Brief descriptive captions ▸

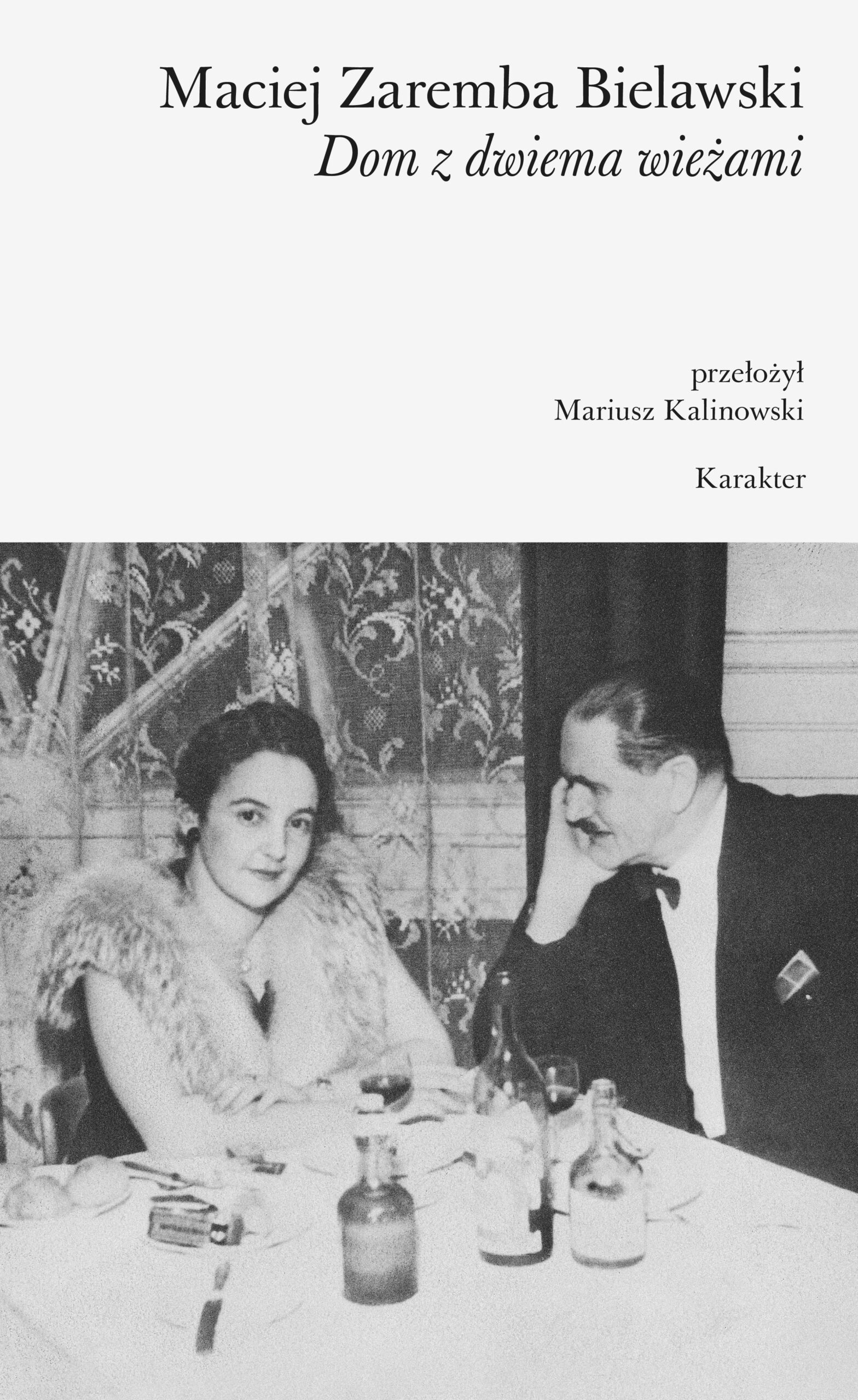 Tytuł: Dom z dwiema wieżami
Autor: Maciej Zaremba Bielawski
Wydawnictwo: Karakter
Formaty: EPUB, MOBI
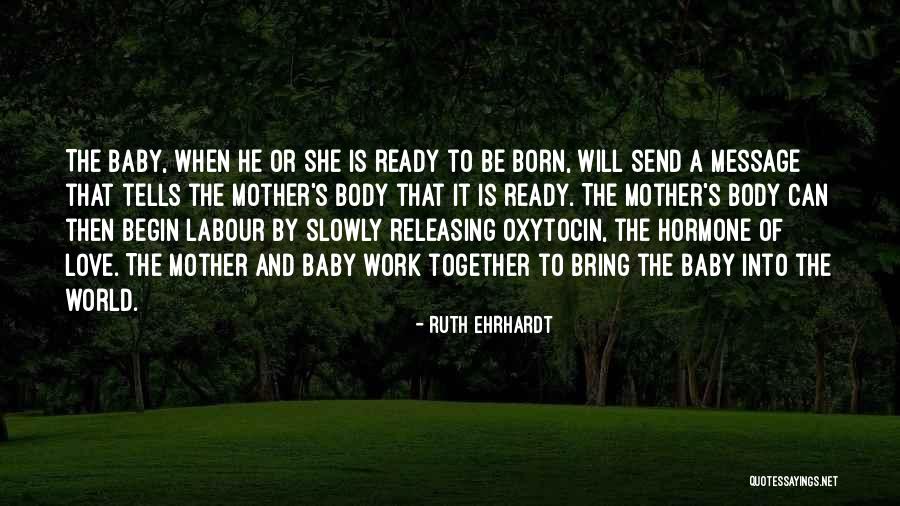 Born Ready Quotes By Ruth Ehrhardt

Your assignment ▸
Write out exactly the lines from the line holding "Autor: Maciej Zaremba Bielawski" through the last line of the records above, inclusive, and nothing more. Leave out the pictures.

Answer to the exercise ▸
Autor: Maciej Zaremba Bielawski
Wydawnictwo: Karakter
Formaty: EPUB, MOBI
 Born Ready Quotes By Ruth Ehrhardt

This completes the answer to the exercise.